Reproduce the listing in its entirety. Do not reproduce the pictures.

▶ _Collected data_
====================
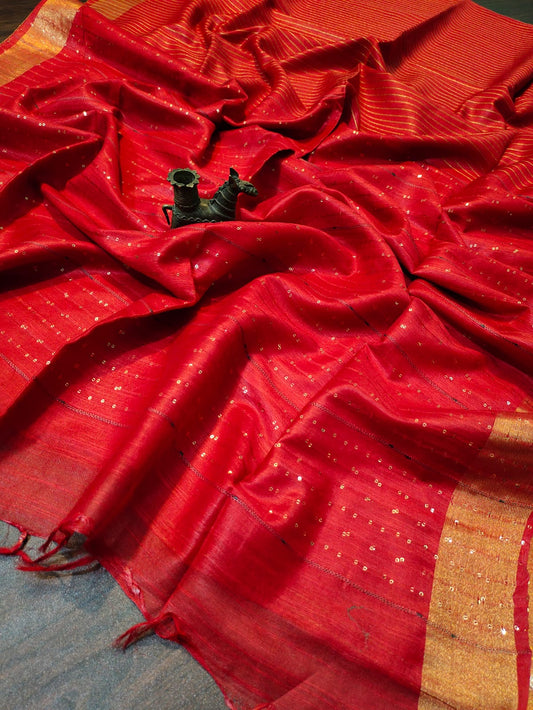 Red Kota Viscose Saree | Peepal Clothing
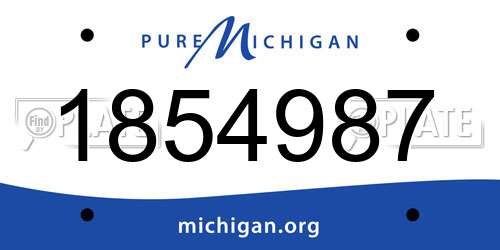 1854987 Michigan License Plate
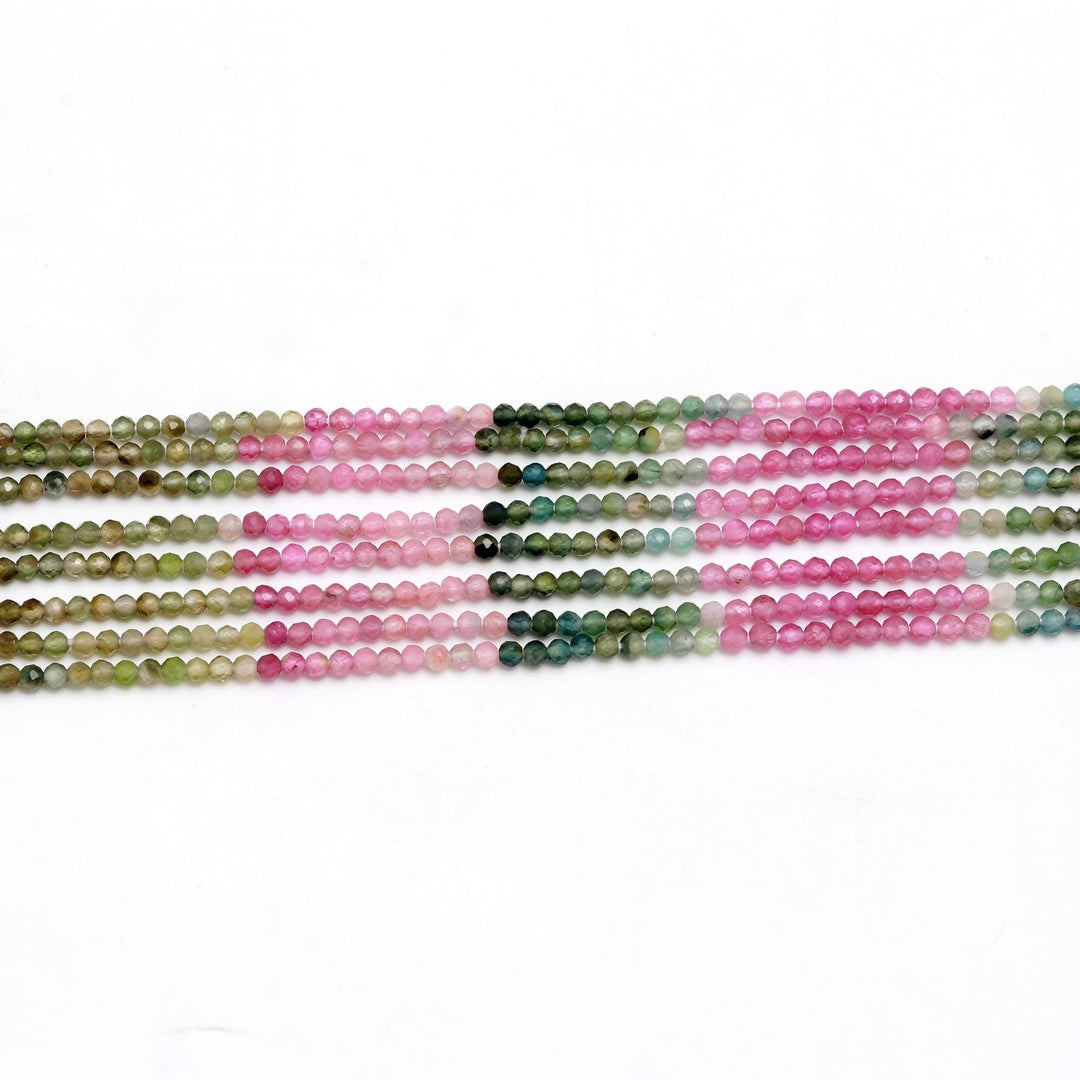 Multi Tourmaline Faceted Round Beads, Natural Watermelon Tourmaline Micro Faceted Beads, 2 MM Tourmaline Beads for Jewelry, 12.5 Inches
====================
▶ _Output_
 Red Kota Viscose Saree | Peepal Clothing
 1854987 Michigan License Plate
 Multi Tourmaline Faceted Round Beads, Natural Watermelon Tourmaline Micro Faceted Beads, 2 MM Tourmaline Beads for Jewelry, 12.5 Inches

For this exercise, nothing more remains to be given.